In November 2018, the FASB issued guidance to clarify that certain transactions between parties to collaborative arrangements should be accounted for in accordance with FASB revenue guidance when the counterparty is a customer. This guidance also prohibits the presentation of collaborative arrangements as revenues from contracts with customers if the counterparty is not a customer. This guidance, which is required to be applied retrospectively and is effective for interim and annual periods beginning after December 15, 2019, with early adoption permitted, is not expected to have an impact on the Company’s consolidated financial statements.
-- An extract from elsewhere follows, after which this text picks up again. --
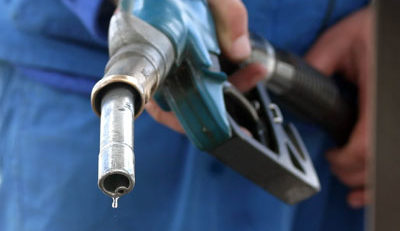 Carburant mai IEFTIN? Eliminarea accizei suplimentare la combustibil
Customer’s Accounting for Implementation Costs Incurred in a Cloud Computing Arrangement that is a Service Contract
In August 2018, the FASB issued guidance on the accounting for implementation costs of a cloud computing arrangement that is considered to be a service contract. This guidance requires companies to follow the guidance for capitalizing costs associated with internal-use software to determine which costs to capitalize in a cloud computing arrangement that is a service contract. The guidance also specifies the financial statement presentation for capitalized implementation costs and the related amortization, as well as required financial statement disclosures. The Company is currently evaluating the impact of this guidance, which is effective for interim and annual periods beginning after December 15, 2019, with early adoption permitted.

Changes to the Disclosure Requirements for Defined Benefit Plans
In August 2018, the FASB issued amended guidance that eliminates, adds and clarifies certain disclosure requirements for defined benefit pension or other postretirement plans. The Company is currently evaluating the impact of this guidance, which is required to be applied retrospectively and is effective for annual periods ending after December 15, 2020, with early adoption permitted.

Changes to the Disclosure Requirements for Fair Value Measurements
In August 2018, the FASB issued amended guidance that eliminates, adds and modifies certain disclosure requirements for fair value measurements. This guidance, which is effective for interim and annual periods beginning after December 15, 2019, with early adoption permitted, is not expected to have an impact on the Company’s consolidated financial statements.